We have not authorized anyone to provide any information
or to make any representations other than those contained or incorporated by reference in this pricing supplement and the documents listed
below. We take no responsibility for, and can provide no assurance as to the reliability of, any other information that others may give
you. These documents are an offer to sell only the Notes offered hereby, but only under circumstances and in jurisdictions where it is
lawful to do so.
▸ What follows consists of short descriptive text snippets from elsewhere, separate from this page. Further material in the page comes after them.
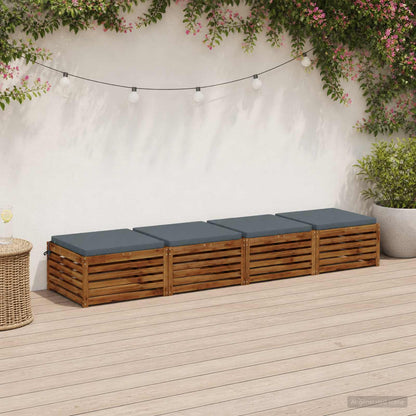 Seat Cushions SOEST 100% Polyester Anthracite 4 pcs Height 5 cm Width 80 cm Blue (melange)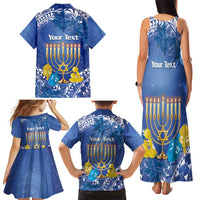 Personalised Hanukkah Jewish Festival Family Matching Tank Maxi Dress and Hawaiian Shirt It's Lit - Polynesian Pattern - Wonder Print Shop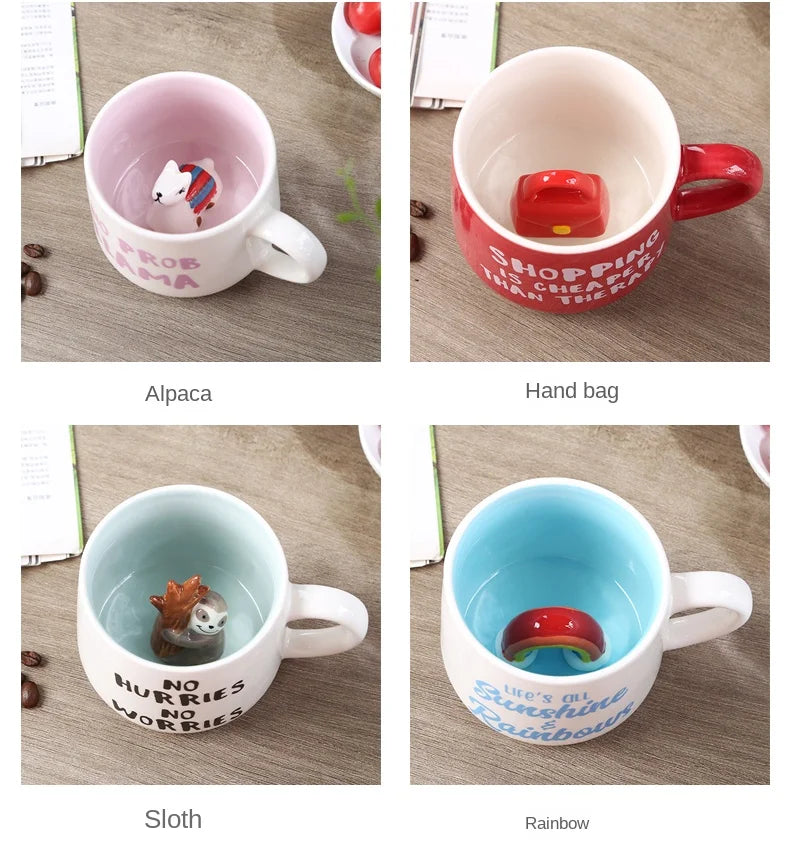 Cute Cartoon Coffee Figurine Mugs with Animal Inside, Ceramic 3D, Uincorn, Love Novelty Cup, Christmas Gift for Friends, Kids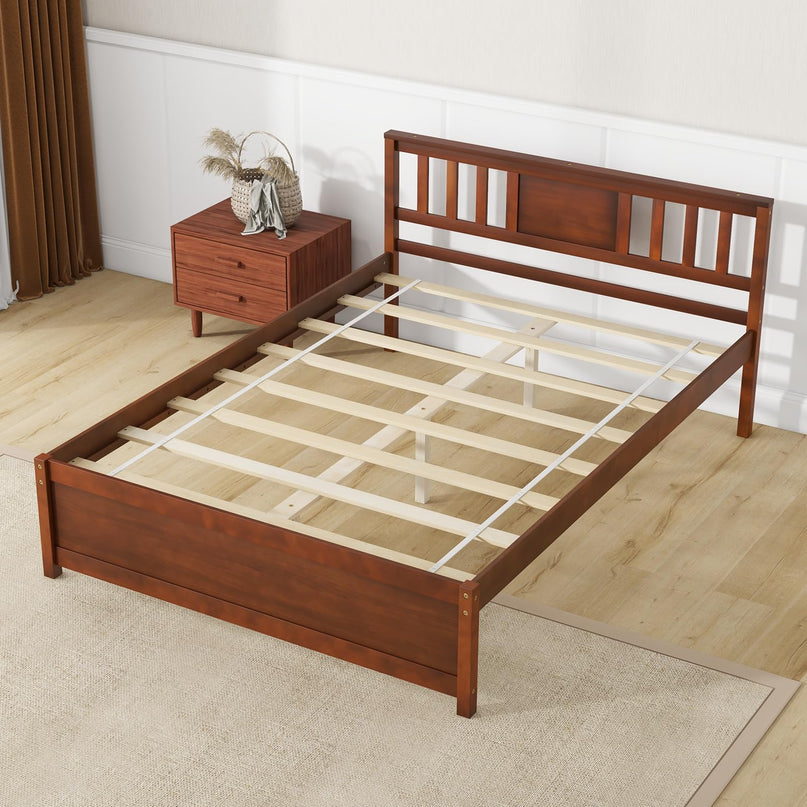 Giantex Solid Wood Platform Bed Frame, Mid Century Full Bed Frame with Headboard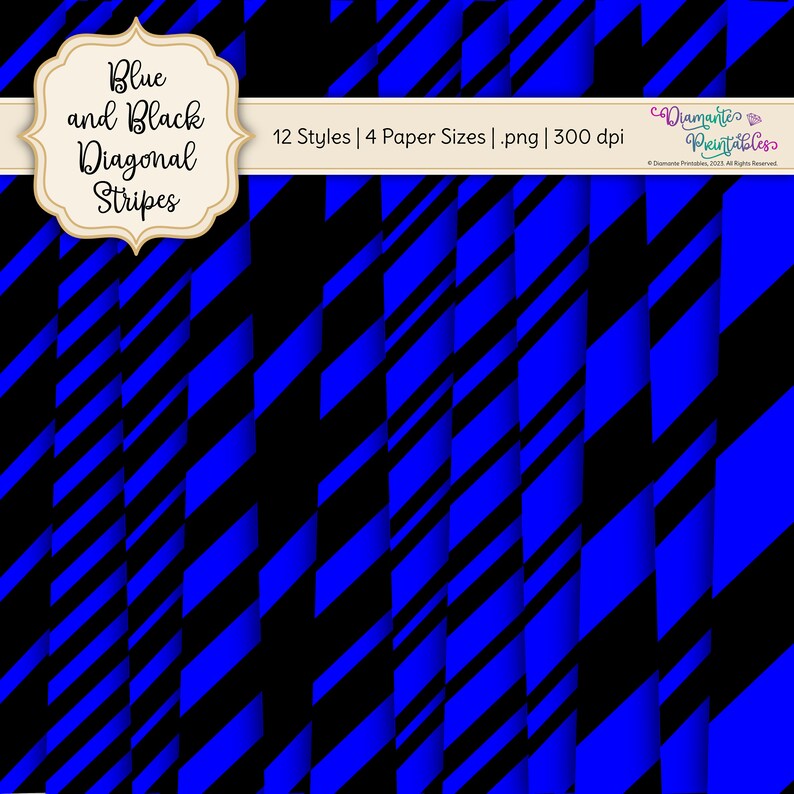 Blue and Black Diagonal Stripes Digital Paper Pack | 12 Styles | 4 ...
The information contained in each such document is current only as of its date.
If the information in this pricing supplement differs
from the information contained in the documents listed below, you should rely on the information in this pricing supplement.
You should carefully consider, among other things,
the matters set forth in “Selected Risk Considerations” in this pricing supplement and “Risk Factors” in the documents
listed below, as the Notes involve risks not associated with conventional debt securities. We urge you to consult your investment, legal,
tax, accounting and other advisers before you invest in the Notes.
You may access these documents on the SEC website
at www.sec.gov as follows (or if such address has changed, by reviewing our filings for the relevant date on the SEC website):
| · | Prospectus dated December 20, 2023: |
https://www.sec.gov/Archives/edgar/data/1000275/000119312523299520/d645671d424b3.htm
| · | Prospectus Supplement dated December 20, 2023: |
https://www.sec.gov/Archives/edgar/data/1000275/000119312523299523/d638227d424b3.htm
| · | Underlying Supplement No. 1A dated May 16, 2024: |
https://www.sec.gov/Archives/edgar/data/1000275/000095010324006773/dp211259_424b2-us1a.htm
| · | Product Supplement No. 1A dated May 16, 2024: |
https://www.sec.gov/Archives/edgar/data/1000275/000095010324006777/dp211286_424b2-ps1a.htm
Our Central Index Key, or CIK, on the SEC website
is 1000275. As used in this pricing supplement, “Royal Bank of Canada,” the “Bank,” “we,” “our”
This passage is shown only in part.